A urgência de abandonar um tratado obsoleto que dificulta e encarece a transição energética

O Tratado da Carta da Energia é o tratado mais litigioso alguma vez assinado, sendo expectável que a crescente necessidade de uma acção climática mais vigorosa provoque o aumento de ameaças e de processos judiciais ao seu abrigo. Urge pedir aos decisores políticos para agirem em conformidade com os desafios da crise climática – e tal só é possível com a saída conjunta do TCE.

O mais recente relatório do IPCC (Intergovernmental Panel on Climate Change - Painel Intergovernamental para as Alterações Climáticas) não deixa margem para dúvidas sobre os malefícios para o clima do Tratado da Carta da Energia (TCE) e do seu mecanismo de Resolução de Litígios Investidor-Estado (ISDS), ao referir expressamente a sua capacidade de bloqueio de medidas de mitigação das alterações climáticas. Segundo o relatório, o ISDS (incluído num grande número de acordos bilaterais e multilaterais) pode ser utilizado por empresas de combustíveis fósseis estrangeiras para bloquear as políticas públicas e legislações nacionais destinadas a eliminar gradualmente a utilização, prospecção ou exploração destes combustíveis.

É o que está já a acontecer, por exemplo, na Holanda, que em Dezembro de 2019 tomou a decisão de proibir, a partir de 2030, a produção de energia a partir do carvão. O país está agora a braços com dois casos de ISDS, em que as duas gigantes energéticas RWE e Uniper estão a exigir, cada uma, mais de mil milhões de euros de indemnização pela descontinuação das suas centrais eléctricas a carvão. Os casos estão ainda a decorrer sob o tecto do Centro Internacional para Resolução de Litígios sobre Investimentos do Banco Mundial (ICSID na sigla em inglês), e se as queixas forem bem sucedidas, como acontece na maioria dos casos, os contribuintes holandeses terão de desembolsar quantias astronómicas para pagar a indemnização; quantias essas que são tão necessárias para custear a transição energética.

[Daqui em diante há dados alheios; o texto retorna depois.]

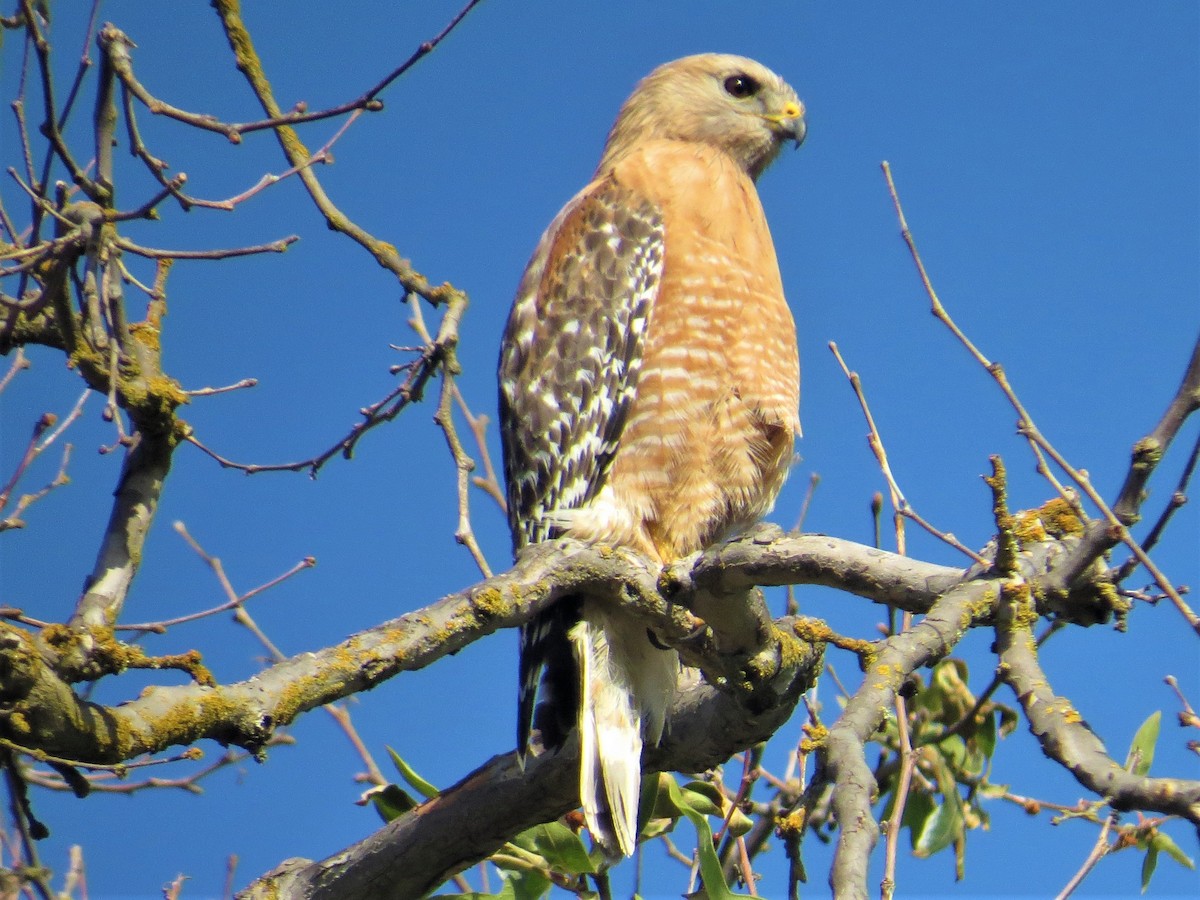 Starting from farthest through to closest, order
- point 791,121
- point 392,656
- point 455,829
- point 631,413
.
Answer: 1. point 791,121
2. point 631,413
3. point 455,829
4. point 392,656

O TCE – o Tratado que incentiva o aquecimento global – é um tratado multilateral de comércio e investimento para o sector da Energia, assinado em 1994 após a queda do muro de Berlim, e do qual fazem parte actualmente 53 países da Europa e da Ásia. Portugal é depositário do TCE e, tal como a União Europeia (UE) em geral, reconhece que o tratado colide com os objectivos climáticos e de desenvolvimento sustentável, pelo que, desde 2019, está a decorrer um processo de actualização do tratado. Assim, o Conselho da UE incumbiu a Comissão Europeia de “negociar a modernização das normas de protecção dos investimentos contidas no TCE“. Tanto quanto se sabe – que não é muito, dada a falta de transparência e escrutínio no processo [1] –, os resultados das 11 rondas de negociação que existiram até agora (estando a 12.ª a decorrer neste momento) estão longe de levar à concretização dos objectivos do mandato da Comissão. Ora, sendo necessária unanimidade para alterações de fundo, não é vislumbrável como irá a Comissão chegar a um acordo sobre a modernização do tratado em Junho de 2022, como se pretende.

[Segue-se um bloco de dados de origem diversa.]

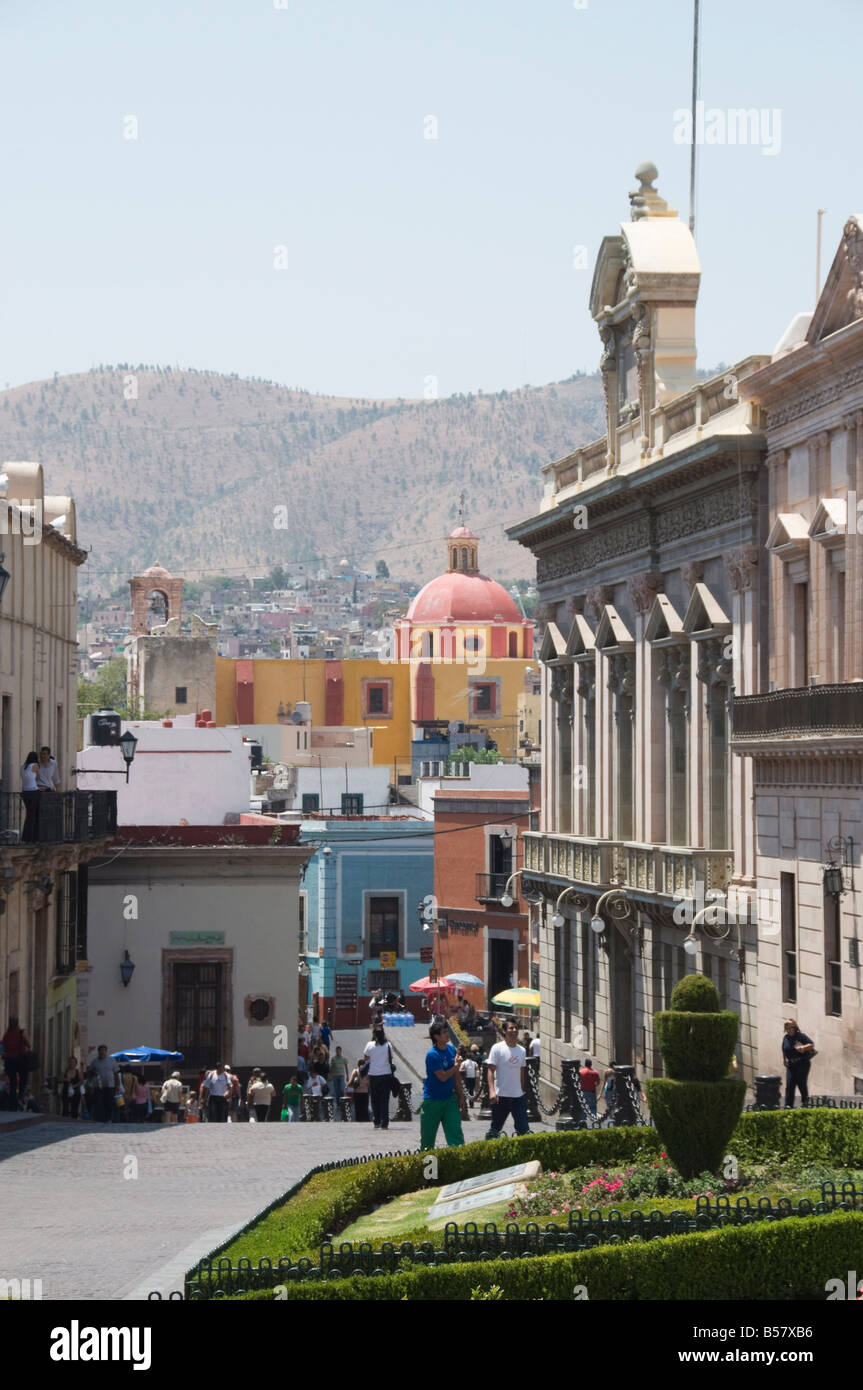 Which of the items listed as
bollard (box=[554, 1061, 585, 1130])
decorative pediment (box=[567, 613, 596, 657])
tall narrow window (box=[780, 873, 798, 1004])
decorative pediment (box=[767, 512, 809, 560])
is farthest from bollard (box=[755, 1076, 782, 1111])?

Considerando o impacto negativo do TCE para a acção climática e a forte probabilidade de insucesso da sua modernização, a sociedade civil europeia vem exortando os signatários do tratado a uma retirada conjunta. São disso exemplo uma petição com mais de um milhão de subscrições e as cartas abertas de mais de 400 organizações e de mais de 400 membros da comunidade científica. Tal retirada conjunta permitiria que os países que acordassem entre si a cessação do artigo 26 do TCE, referente ao ISDS, deixassem de estar sujeitos à abstrusa cláusula de caducidade, segundo a qual as disposições do tratado continuam a aplicar-se aos investimentos passados (realizados antes da retirada) por um período de 20 anos, durante o qual os investidores continuam a poder processar os Estados.

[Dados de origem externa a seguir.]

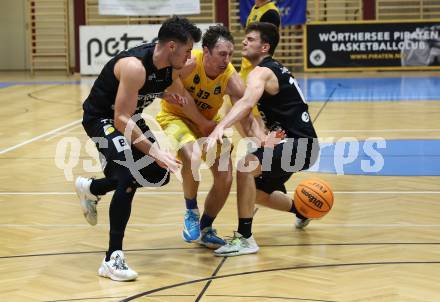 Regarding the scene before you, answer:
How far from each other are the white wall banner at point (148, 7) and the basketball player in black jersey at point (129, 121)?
16771mm

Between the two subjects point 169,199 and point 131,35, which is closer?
point 169,199

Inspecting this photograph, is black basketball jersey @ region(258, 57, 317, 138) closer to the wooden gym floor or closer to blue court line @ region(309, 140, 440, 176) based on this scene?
the wooden gym floor

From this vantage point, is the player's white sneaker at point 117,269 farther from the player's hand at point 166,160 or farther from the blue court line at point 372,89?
the blue court line at point 372,89

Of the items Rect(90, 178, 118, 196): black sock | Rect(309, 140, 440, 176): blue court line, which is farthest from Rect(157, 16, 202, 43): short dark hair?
Rect(309, 140, 440, 176): blue court line

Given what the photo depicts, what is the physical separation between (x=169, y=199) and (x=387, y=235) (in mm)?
2372

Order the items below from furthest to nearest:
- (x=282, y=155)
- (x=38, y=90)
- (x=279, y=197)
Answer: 1. (x=38, y=90)
2. (x=279, y=197)
3. (x=282, y=155)

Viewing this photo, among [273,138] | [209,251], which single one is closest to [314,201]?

Foi exactamente o que aconteceu à Itália, que, tendo-se retirado do TCE em 2016, está a ser alvo de um processo ISDS iniciado em 2017, por ter recusado conceder à empresa britânica petrolífera Rockhopper uma licença para a prospecção de petróleo no mar Adriático. Usando o TCE, a Rockhopper exige uma indemnização de 350 milhões de USD, o que representa sete vezes mais do que o investimento feito no projecto, cobrindo as suas “legítimas expectativas de lucro futuro” que o TCE salvaguarda.

É também ao abrigo do TCE que os investidores do gasoduto Nord Stream 2 poderiam processar a Alemanha por, no contexto da actual guerra na Ucrânia, ter decidido suspender a certificação do gasoduto. O TCE é o tratado mais litigioso alguma vez assinado, sendo expectável que a crescente necessidade de uma acção climática mais vigorosa provoque o aumento de ameaças e de processos judiciais ao seu abrigo. O Tribunal de Justiça da União Europeia já por várias vezes se pronunciou no sentido da incompatibilidade do TCE com a legislação europeia [2], em especial no que se refere a queixas intra-UE [3], o que em nada impediu os tribunais privados de continuarem a considerar e arbitrar casos ISDS.

Na sessão plenária do Parlamento Europeu de Março passado, os eurodeputados tiveram oportunidade de ser informados e se pronunciarem sobre o TCE – num dos raros momentos de escrutínio democrático sobre o tratado. Nas intervenções dos diversos grupos parlamentares foram manifestadas fortes dúvidas sobre o processo de modernização, tendo sido demonstrado um amplo apoio à saída coordenada da UE e dos Estados-membros do TCE.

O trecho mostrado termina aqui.